The terrorist attacks two months ago in Mumbai provide a number of lessons for emergency-services agencies throughout the world. The attacks, which represented an ever-increasing level of sophistication and ingenuity of terrorist activity worldwide, started during the evening hours of 26 November 2008 when small teams of armed terrorists launched a well-coordinated series of assaults that challenged India’s local and national emergency-services capabilities for four days.
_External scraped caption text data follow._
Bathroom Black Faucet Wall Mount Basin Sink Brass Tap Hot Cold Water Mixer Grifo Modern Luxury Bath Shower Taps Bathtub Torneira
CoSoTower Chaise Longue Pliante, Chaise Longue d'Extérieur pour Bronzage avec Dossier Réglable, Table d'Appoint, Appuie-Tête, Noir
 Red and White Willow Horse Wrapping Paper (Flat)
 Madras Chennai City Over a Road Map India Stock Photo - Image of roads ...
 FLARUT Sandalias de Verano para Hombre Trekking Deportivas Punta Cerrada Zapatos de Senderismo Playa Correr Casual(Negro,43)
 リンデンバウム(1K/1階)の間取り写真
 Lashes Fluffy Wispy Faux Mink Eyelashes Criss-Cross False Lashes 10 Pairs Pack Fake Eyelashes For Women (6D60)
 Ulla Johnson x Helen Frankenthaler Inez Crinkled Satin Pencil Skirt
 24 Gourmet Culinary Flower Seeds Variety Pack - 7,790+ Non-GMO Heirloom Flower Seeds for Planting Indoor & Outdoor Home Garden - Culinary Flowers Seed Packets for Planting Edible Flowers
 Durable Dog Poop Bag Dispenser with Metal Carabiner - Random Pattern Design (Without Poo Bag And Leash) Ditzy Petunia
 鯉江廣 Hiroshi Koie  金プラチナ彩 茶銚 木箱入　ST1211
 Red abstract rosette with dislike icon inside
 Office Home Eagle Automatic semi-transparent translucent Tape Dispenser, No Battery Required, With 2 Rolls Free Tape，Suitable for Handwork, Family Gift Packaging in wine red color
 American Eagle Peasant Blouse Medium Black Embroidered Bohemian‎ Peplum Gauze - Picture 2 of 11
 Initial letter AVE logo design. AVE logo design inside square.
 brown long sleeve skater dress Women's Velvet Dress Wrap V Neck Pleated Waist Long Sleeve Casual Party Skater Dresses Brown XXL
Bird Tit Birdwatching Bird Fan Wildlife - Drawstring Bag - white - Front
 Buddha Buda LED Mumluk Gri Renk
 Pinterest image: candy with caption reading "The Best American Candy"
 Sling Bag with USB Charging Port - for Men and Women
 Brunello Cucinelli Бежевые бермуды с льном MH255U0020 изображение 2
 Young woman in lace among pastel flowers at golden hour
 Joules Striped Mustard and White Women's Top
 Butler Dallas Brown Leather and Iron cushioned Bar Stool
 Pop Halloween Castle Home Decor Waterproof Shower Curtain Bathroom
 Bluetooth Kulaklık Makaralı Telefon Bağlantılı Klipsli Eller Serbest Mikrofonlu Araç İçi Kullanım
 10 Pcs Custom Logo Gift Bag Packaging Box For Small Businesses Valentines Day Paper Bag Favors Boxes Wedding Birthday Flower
The terrorist teams, which maintained radio communications with one another throughout the siege, moved swiftly and brazenly through the famous tourist city, initially firing on civilians and authorities alike before settling into hotels crowded with numerous Western tourists and business people. The last of the hostage/barricade situations was resolved on 30 November, leaving almost 200 fatalities and over 300 injured. The terrorist tactics were relatively basic, but the overall operation was fairly sophisticated. In contrast, the response by local and national emergency-services agencies was much less coordinated. The terrorists used the now frequently experienced “multi-prong” approach by combining a number of IED (improvised explosive device) detonations in some areas with small-arms attacks in other areas. The separate teams used the small-arms fire to create a wider scope of carnage. The law-enforcement and military units responding were frustrated in their heroic but somewhat ineffective efforts to locate and contain the terrorist commando teams. The terrorist teams, using pre-programmed GPS devices, moved through Mumbai’s maze of streets like experienced tour guides. There were only ten terrorists in all; divided into killing teams of two to four, they moved swiftly from one crowded target to another, using taxis and stolen vehicles, but sometimes on foot. At one point, a terrorist team commandeered a responding police vehicle, killing its occupants, including Maharashta Police’s Anti-Terrorism Squad chief, Hemant Karkare.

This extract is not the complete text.